Straßburg. Europa geht neue Wege in der Asyl- und Flüchtlingspolitik - mit historischen Reformen. Alle EU-Staaten müssen Asylbewerber in Zukunft gleich behandeln. Und im Schengen-Raum dürfen Länder ihre Grenzen wieder für zwei Jahre schließen. Nun geht es an die Umsetzung.

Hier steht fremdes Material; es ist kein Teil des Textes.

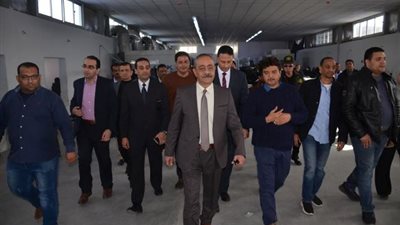 محافظ الإسماعيلية يتفقد المشروعات الاستثمارية الكبرى ..صور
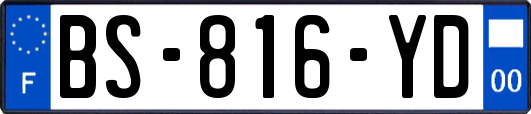 BS-816-YD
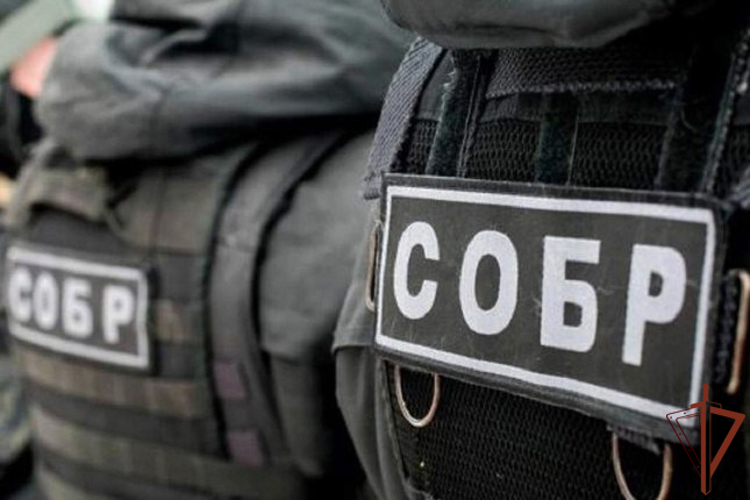 При содействии спецназа Росгвардии в Алтайском крае задержаны подозреваемые в похищении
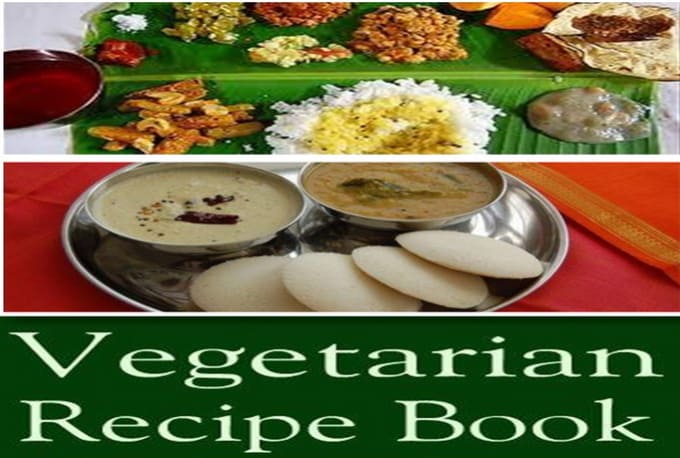 Gig Preview - Send ebook of 263 tasty Indian veg recipes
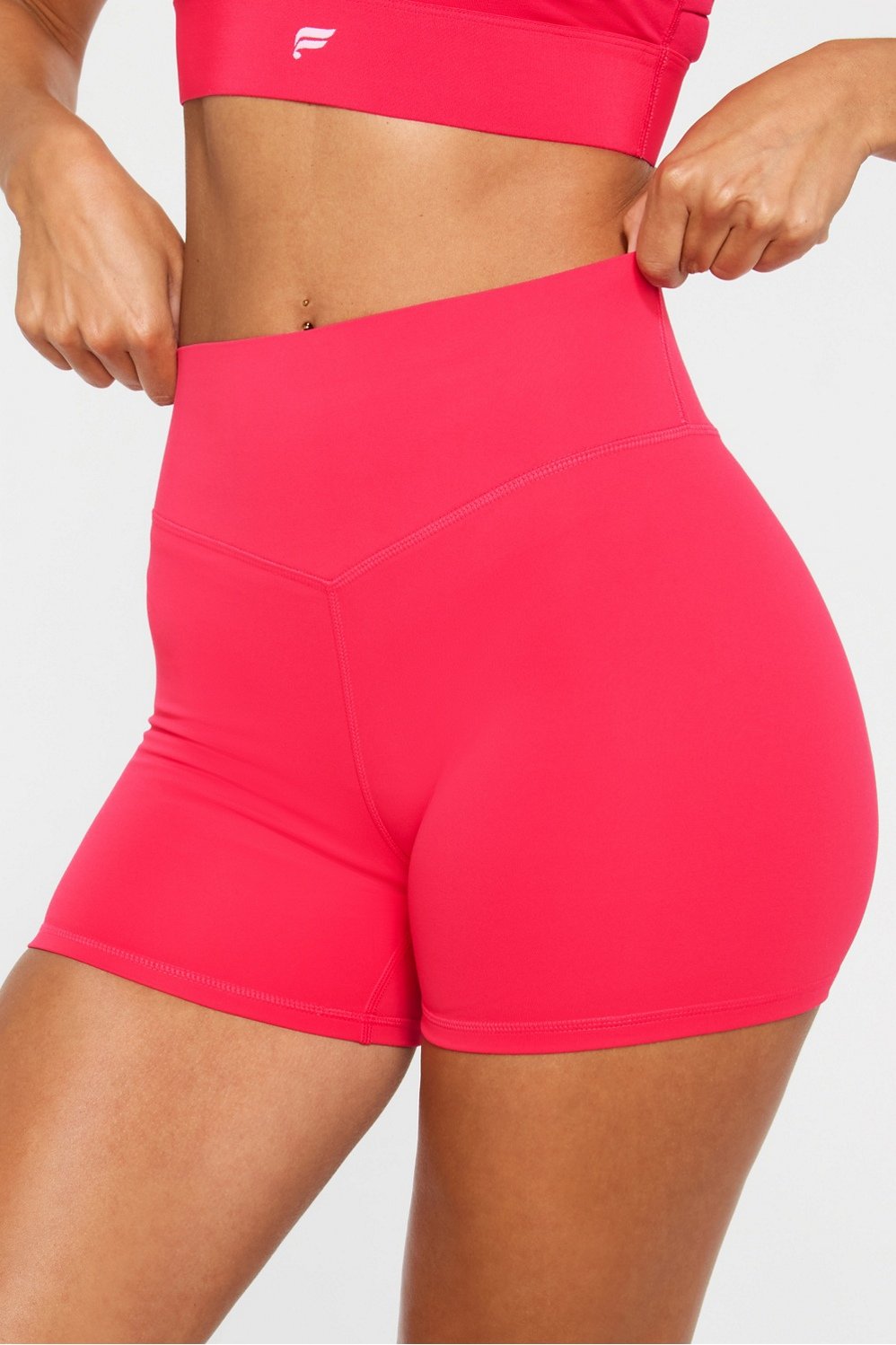 Fabletics PureLuxe High-Waisted TLC Short 4"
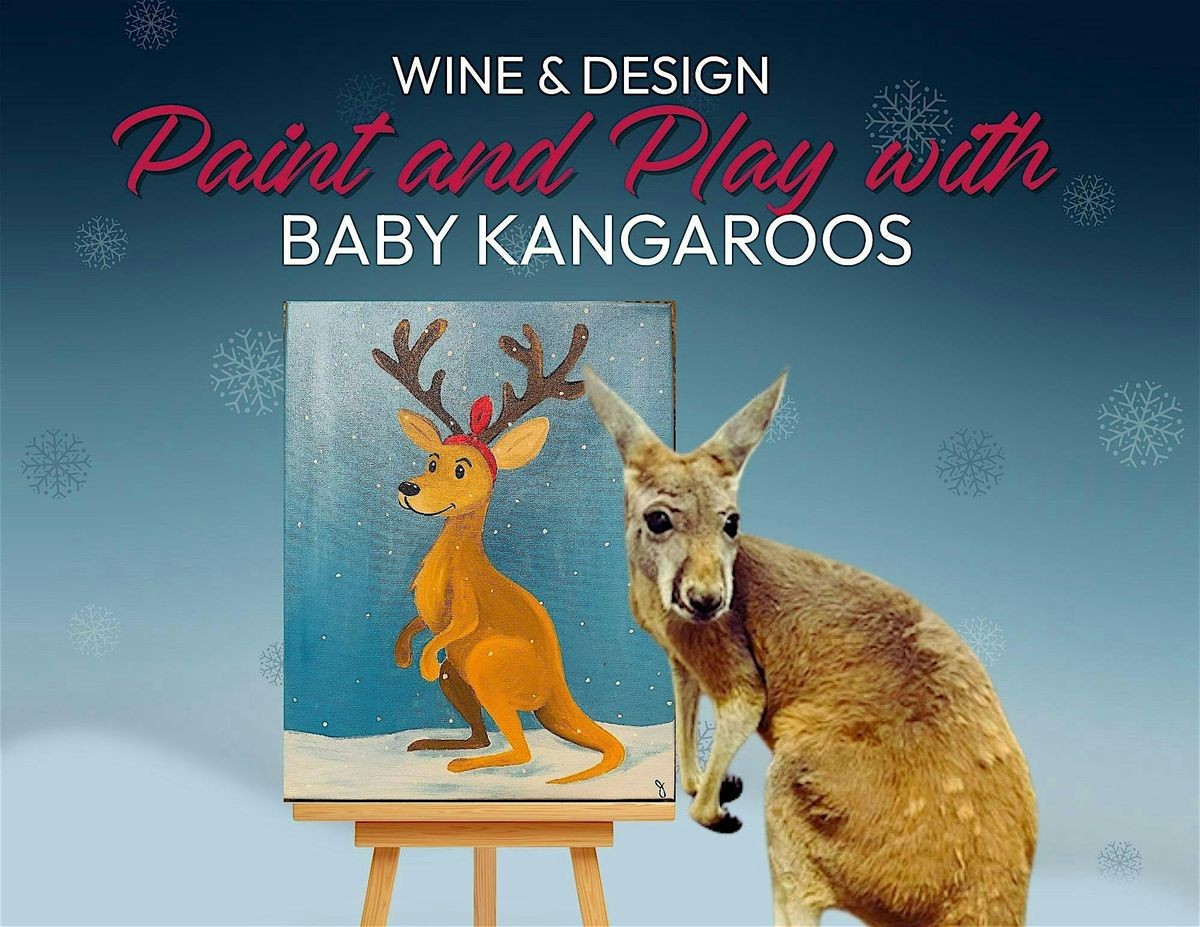 Paint and Play With Baby Roo’s (Kangaroos) – Limited Seats! | Event in Matthews | AllEvents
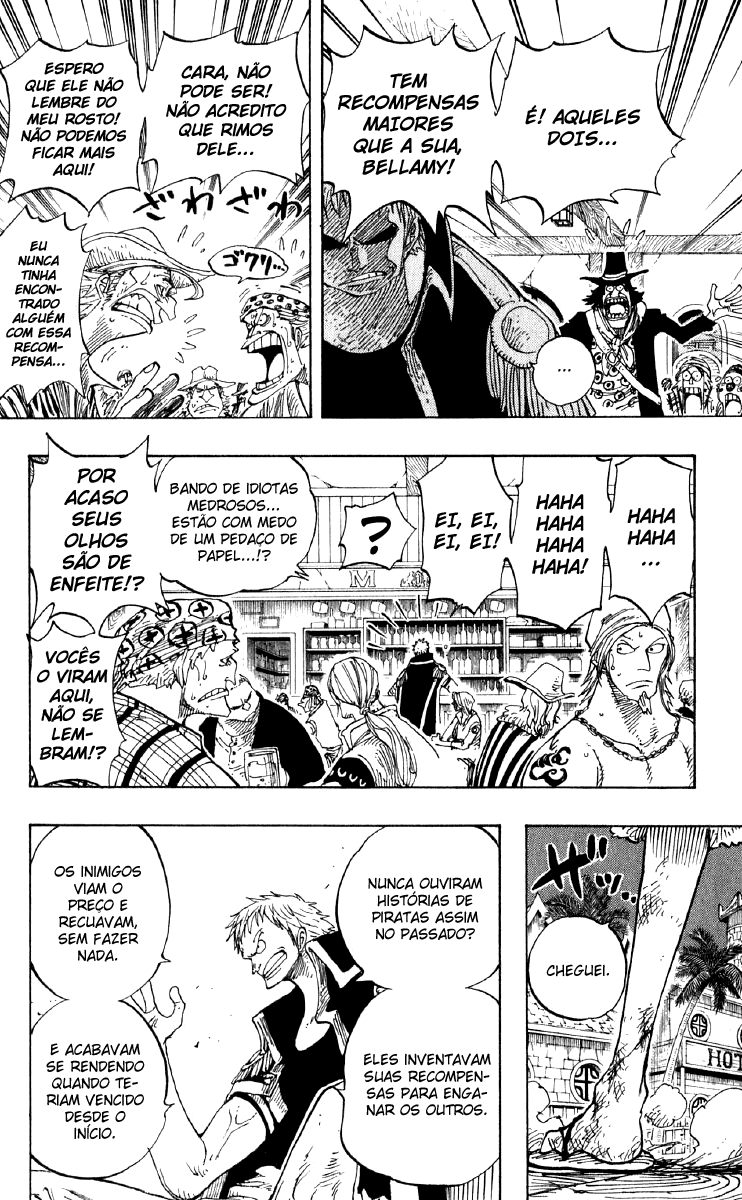 One Piece capítulo 232 página 8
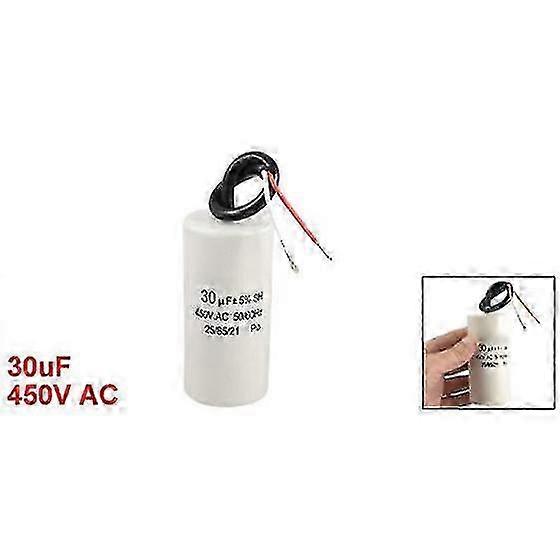 CBB60 30uF 450VAC Motor Capacitor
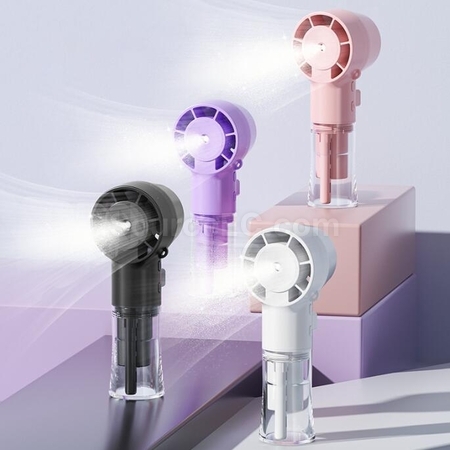 Customization Handheld Neck Spray Portable High-Speed USB Fan Promotional Products
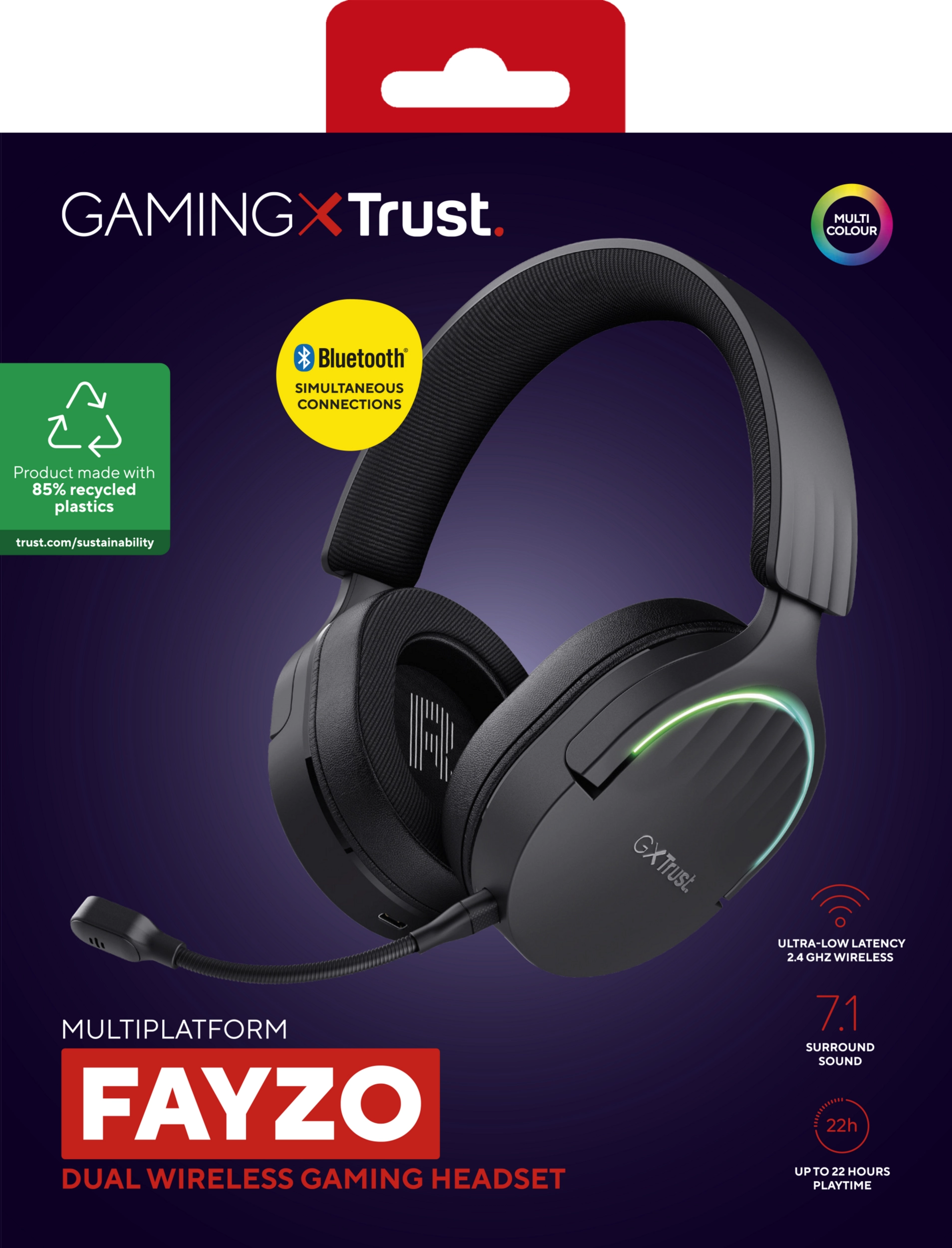 GXT 491 Fayzo Wireless Headset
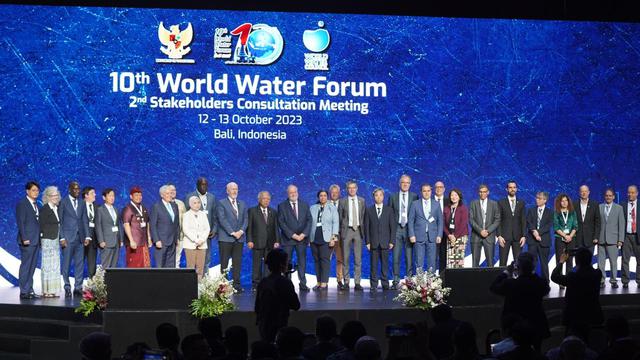 Acara The 10th World Water Forum (WWF) pada pada 18--24 Mei 2024 di Bali.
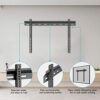 TV Wall Bracket FORGING MOUNT Ultra Slim Fixed TV Bracket TV Wall Mount for Most LED LCD Plasma Flat Curved 32-65 inch TVs up to 60kg Heavy Duty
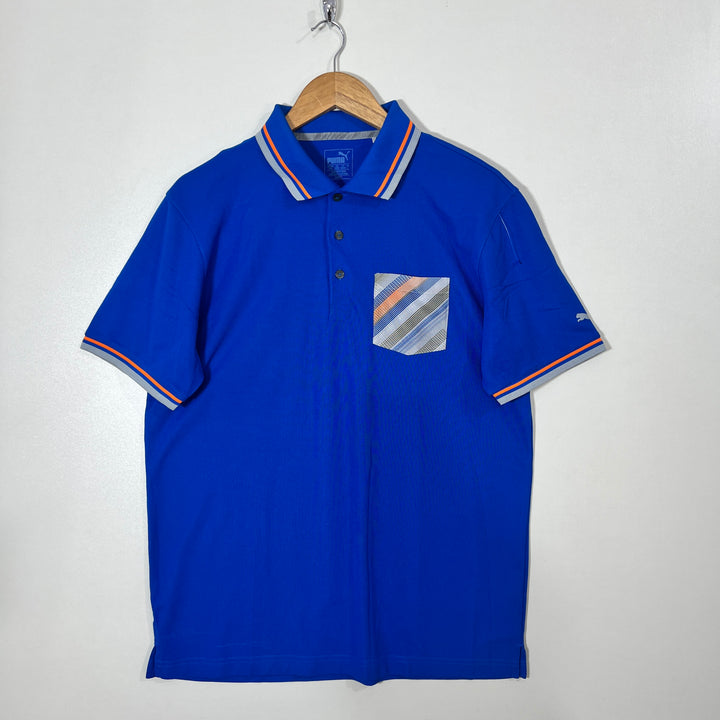 PUMA COTTON POLO TSHIRT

Nach jahrelangen zähen Verhandlungen ist das gemeinsame EU-Asylrecht unter Dach und Fach: Das Europaparlament verabschiedete am Mittwoch mit deutlicher Mehrheit ein Gesetzespaket, das bei Asylverfahren in der EU für mehr Gerechtigkeit sorgen soll. Anträge sollen nach einheitlichen Standards geprüft, der Schutz der Bewerber soll verbessert werden. Dazu werden verbindliche Asylgründe und Mindeststandards für die Aufnahme der Bewerber vorgeschrieben.
Im Regelfall müssen Asylverfahren innerhalb von sechs Monaten abgeschlossen werden, für besonders komplizierte Fälle gilt eine Frist von 18 Monaten. Die Einspruchsmöglichkeiten gegen negative Bescheide sollen verbessert werden, ebenso der Schutz von Kindern und Jugendlichen unter 18 Jahren. Minderjährige ohne Begleitung sollen leichter zu Verwandten in einem anderen EU-Staat ziehen können. Außerdem erhalten sie ein Recht auf Einschulung.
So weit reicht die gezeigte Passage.